SVB and First Republic Executives Controversially Sold Shares in Advance
Rep. Lee Yong-woo Proposes Pre-Reporting System for Insiders and Major Shareholders

As it was revealed that executives of the parent company of Silicon Valley Bank (SVB) and the management of First Republic Bank sold large amounts of stock before the stock price plummeted amid bankruptcy and crisis rumors, controversy over moral hazard is intensifying. The U.S. Department of Justice and the Securities and Exchange Commission (SEC) plan to investigate them.


Meanwhile, the 'Insider and Major Shareholder Prior Reporting System (Partial Amendment to the Act on Capital Market and Financial Investment Business)' proposed by Lee Yong-woo, a member of the Democratic Party of Korea, is drawing renewed attention. This bill includes provisions that require major shareholders to disclose in advance when selling 1% or more of their shares.

SVB Crisis Draws Attention... Will the 'Pre-Disclosure of Share Sale Bill' Pass the National Assembly? [Image source=Reuters Yonhap News]

According to Lee Yong-woo's office on the 20th, the 'Partial Amendment to the Capital Market Act' proposed by the lawmaker in February and April last year is still pending in the Legislation and Judiciary Committee's bill review subcommittee. The Financial Services Commission has also announced plans to submit a related bill as a government proposal.

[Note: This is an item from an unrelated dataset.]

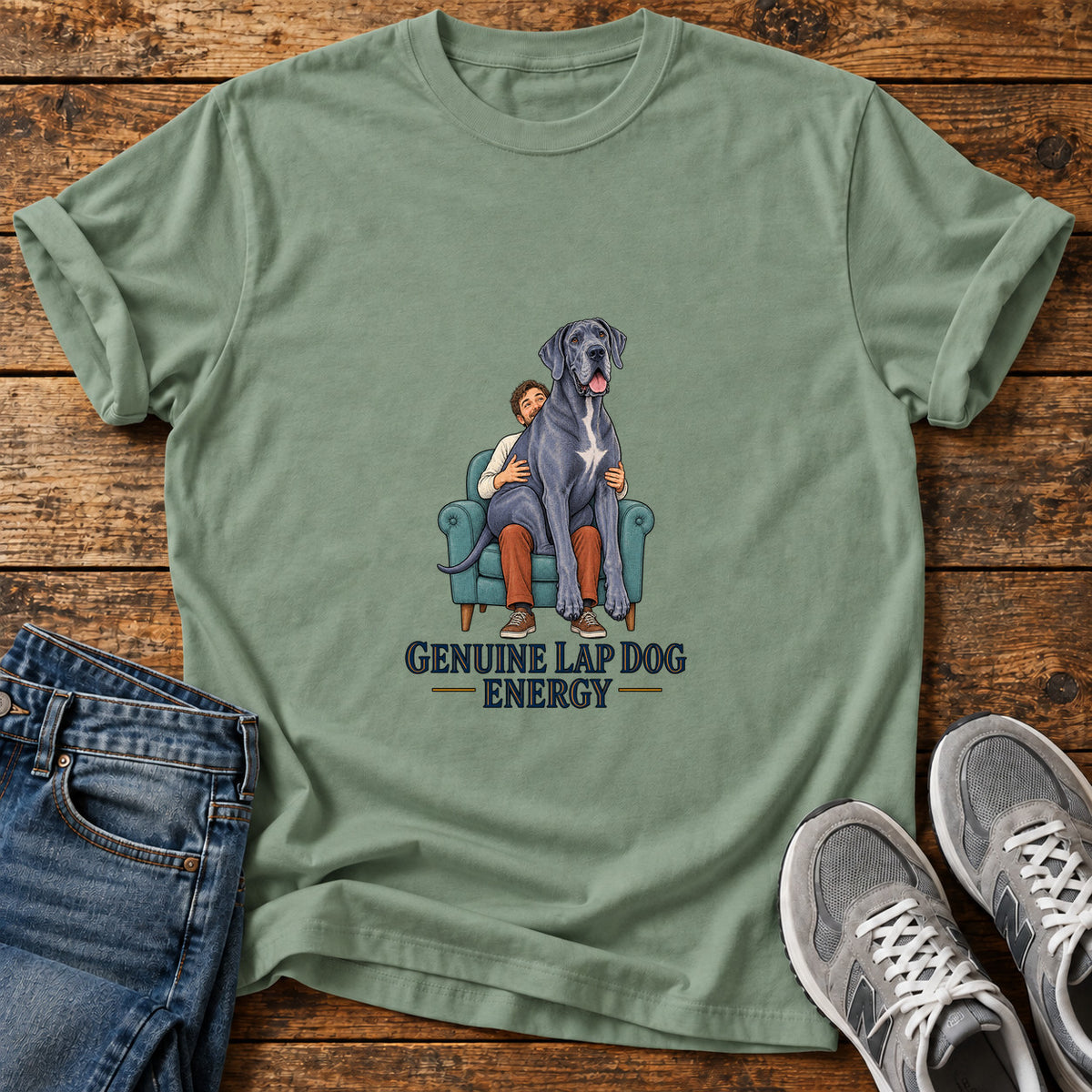 Genuine Lap Energy Great Dane graphic T-shirt in Sage, shown on a flat-lay shirt mockup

According to the amendment, if a major shareholder of a listed company sells 1% or more of their shares within three months, they must report to the Securities and Futures Commission and the Korea Exchange. Additionally, the sale must occur after a period specified by presidential decree within three months. A representative from Lee Yong-woo's office explained the legislative intent, saying, "This is to mitigate the shock to the market caused by sudden sales of shares by major shareholders, protect general investors, and enhance the transparency of transactions by major shareholders."


This bill is gaining attention again due to criticism over major shareholders of U.S. regional banks selling their stakes before the stock price collapse following the SVB bankruptcy.


Greg Becker, former chairman of SVB, sold 12,451 shares of SVB Financial, SVB's parent company, worth about 4.7 billion KRW on the 27th of last month. This was about ten days before SVB's bankruptcy. Daniel Beck, the Chief Financial Officer (CFO), also sold stocks worth $575,000 (approximately 750 million KRW) on the same day.


The management of First Republic Bank also sold stocks over two months before the stock price plummeted due to the aftermath of SVB's bankruptcy. Jim Herbert, the bank's founder, sold $4.5 million (approximately 5.87 billion KRW), Robert Thornton, head of asset management, sold $3.5 million (approximately 4.57 billion KRW), and David Lichtman, Chief Credit Officer, sold $2.5 million (approximately 3.26 billion KRW) worth of shares, respectively.


In the United States, major shareholders are generally required to submit a report when selling stocks. In addition, stringent disclosure and unfair trading regulations (10b5-1 and Rule 10b5-2) are applied, including the submission of pre-trading plans. This is to prevent major shareholders from using insider information to avoid losses or maximize profits. The U.S. Department of Justice and the SEC plan to investigate the stock sales by the management of SVB and First Republic Bank.


Under current domestic law, major shareholders of listed companies are not required to disclose in advance when selling shares on the market (including block deals). Because of this, there have been ongoing criticisms that large-scale sales of shares by major shareholders on the market cause market confusion and investor damage, such as sharp stock price declines. Generally, when major shareholders or insiders of listed companies sell large amounts of stock, the market perceives the stock price as being at a peak or anticipates negative issues.


In 2021, when controversy arose over executives including former Kakao Pay CEO Ryu Young-jin making large profits by selling stock options after listing, the Financial Services Commission decided to include stocks acquired by exercising stock options received before listing as subject to mandatory holding. Although the mandatory holding system related to stock options was recently established, the system related to general stocks is still insufficient.


Kim Gap-rae of the Korea Capital Market Institute pointed out, "A prior disclosure system for controlling shareholders' stock sales should be established in the domestic capital market," adding, "Strong unfair trading regulations are needed to prevent controlling shareholders from using insider information in stock sales." He further stated, "The regulatory level on controlling shareholders' stake sales in the domestic KOSDAQ market is lower compared to major overseas markets, which weakens the 'post-listing growth' function of new markets and only activates the 'early post-listing exit' function."